Appiphany Technologies Holdings Corp. Just Filed Its Quarterly Report: 10. Subsequent Event...

10. Subsequent Events

We have evaluated subsequent events through the date of issuance of the financial statements, and did not have any material recognizable subsequent events after October 31, 2016 other than the following:

 

 (a)         On November 4, 2016, the Company issued 1,216,113 shares of common stock for the conversion of $3,000 of convertible debentures and $101 of accrued interest, as noted in Note 6(d).

 

 (b) On November 30, 2016, the Company entered into an advisory agreement with an unrelated party. Pursuant to the agreement, the consultant is to be compensated by 6,000,000 of the Company's common shares upon execution of the agreement, and a monthly cash fee of $2,500 beginning December 1, 2016. In the event that the Company does not have cash available to pay the balance of the monthly cash fee balance at the beginning of each month, the consultant has the right to convert such balance into a convertible promissory note, which shall allow for conversion into shares of common stock of the Company at a fifty percent discount to the ten-day average closing price of the common shares at such time  On December 6, 2016, 6,000,000 shares were issued pursuant to the advisory agreement.

 

On November 4, 2016, the Company entered into an equity purchase agreement with an unrelated investor. Pursuant to the agreement, the Company agrees to issue and sell to the investor up to five million dollars of the Company's common stock. The agreement expires on the earlier of i) the date on which the Investor purchases the maximum amount or ii) December 31, 2017. As a condition of the agreement, the Company agreed to issue to the Investor a convertible note in the principal amount of $50,00. Under the terms of the debenture, the agreement is due on November 4, 2017. In the event of default, the debenture is convertible into common shares of the Company at a conversion price equal to 50% of the lowest trading price of the Company's common shares for the past 25 trading days prior to notice of conversion.

 

On November 4, 2016, the Company issued a convertible debenture to a non-related party for $55,000 as part of the equity purchase agreement.
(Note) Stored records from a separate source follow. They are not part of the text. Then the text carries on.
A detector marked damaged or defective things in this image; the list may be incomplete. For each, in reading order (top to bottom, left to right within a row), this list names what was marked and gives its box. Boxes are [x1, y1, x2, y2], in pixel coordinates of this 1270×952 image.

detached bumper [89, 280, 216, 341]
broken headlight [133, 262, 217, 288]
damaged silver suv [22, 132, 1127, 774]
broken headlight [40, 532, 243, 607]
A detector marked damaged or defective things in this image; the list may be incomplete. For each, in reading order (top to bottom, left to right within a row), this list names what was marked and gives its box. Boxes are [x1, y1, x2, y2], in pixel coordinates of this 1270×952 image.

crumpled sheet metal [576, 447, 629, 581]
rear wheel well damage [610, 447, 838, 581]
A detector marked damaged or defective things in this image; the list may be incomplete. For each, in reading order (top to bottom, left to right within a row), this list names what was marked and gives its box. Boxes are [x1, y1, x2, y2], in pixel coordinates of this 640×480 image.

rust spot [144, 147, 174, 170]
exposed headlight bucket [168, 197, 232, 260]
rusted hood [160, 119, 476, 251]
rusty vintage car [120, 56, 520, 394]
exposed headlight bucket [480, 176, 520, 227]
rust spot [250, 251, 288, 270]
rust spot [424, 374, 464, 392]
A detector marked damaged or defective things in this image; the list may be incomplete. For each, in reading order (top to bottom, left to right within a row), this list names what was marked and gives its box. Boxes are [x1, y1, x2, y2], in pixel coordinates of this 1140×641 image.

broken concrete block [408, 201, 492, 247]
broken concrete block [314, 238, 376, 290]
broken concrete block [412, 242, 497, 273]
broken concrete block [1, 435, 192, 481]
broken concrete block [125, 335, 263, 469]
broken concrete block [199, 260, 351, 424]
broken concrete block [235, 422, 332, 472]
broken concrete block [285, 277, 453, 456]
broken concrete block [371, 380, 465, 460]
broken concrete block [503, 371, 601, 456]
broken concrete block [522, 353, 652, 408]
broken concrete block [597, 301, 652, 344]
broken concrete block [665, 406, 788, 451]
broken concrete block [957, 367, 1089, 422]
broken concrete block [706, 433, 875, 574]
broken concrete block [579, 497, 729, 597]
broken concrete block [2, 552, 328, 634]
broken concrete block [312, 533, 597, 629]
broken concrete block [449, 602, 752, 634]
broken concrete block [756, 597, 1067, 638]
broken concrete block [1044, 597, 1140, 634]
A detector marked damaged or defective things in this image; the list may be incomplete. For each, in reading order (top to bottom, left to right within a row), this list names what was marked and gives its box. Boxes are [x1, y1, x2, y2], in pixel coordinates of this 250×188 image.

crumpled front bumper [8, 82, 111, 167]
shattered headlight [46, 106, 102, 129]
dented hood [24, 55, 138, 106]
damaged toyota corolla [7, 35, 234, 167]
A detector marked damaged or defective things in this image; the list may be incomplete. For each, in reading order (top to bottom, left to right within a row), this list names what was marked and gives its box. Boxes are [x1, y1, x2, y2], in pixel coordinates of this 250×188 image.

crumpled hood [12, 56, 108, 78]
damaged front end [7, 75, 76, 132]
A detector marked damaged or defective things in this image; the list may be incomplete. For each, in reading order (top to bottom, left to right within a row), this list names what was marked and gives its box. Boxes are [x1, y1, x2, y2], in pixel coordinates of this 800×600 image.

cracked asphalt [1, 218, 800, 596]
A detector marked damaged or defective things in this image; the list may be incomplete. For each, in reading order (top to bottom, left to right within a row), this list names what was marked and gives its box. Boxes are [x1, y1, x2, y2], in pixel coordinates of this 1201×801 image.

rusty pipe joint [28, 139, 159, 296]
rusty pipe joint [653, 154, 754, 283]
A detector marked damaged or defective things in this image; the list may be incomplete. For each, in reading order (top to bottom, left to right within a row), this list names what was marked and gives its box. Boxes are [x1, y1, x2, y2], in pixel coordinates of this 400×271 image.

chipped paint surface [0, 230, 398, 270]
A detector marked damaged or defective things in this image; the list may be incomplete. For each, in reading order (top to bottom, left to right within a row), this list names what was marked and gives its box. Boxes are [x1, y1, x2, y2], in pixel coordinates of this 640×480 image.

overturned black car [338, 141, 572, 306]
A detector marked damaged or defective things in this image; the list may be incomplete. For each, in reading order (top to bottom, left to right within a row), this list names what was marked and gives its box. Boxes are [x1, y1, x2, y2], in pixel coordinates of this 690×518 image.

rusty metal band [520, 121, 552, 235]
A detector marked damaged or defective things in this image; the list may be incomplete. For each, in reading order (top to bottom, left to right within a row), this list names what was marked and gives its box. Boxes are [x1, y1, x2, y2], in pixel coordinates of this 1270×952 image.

Pursuant to the agreement, the note was issued with a 10% original issue discount and as such the purchase price was $50,000.  Under the terms of the debenture, the amount is unsecured, bears simple interest at 10% per annum, and is due on November 4, 2017. The debenture is convertible into common shares of the Company at a conversion price equal to the lower of a) 50% of the lowest trading price of the Company's common stock of the twenty-five prior trading days immediately preceding the conversion date or b) the closing bid price on the original issue date.

 

 (c) On December 6, 2016, the Company issued 720,000 common shares to each of the consultants as per the consulting agreements dated August 26, 2016, described in Note 9 (for a total of 3,600,000 shares). Of these common shares issued, 180,000 common shares in excess of that stated in each of the agreements were issued in error (in other words, a total of 720,000 shares were erroneously issued). It is the Company's intention to retract these excess shares issued in error.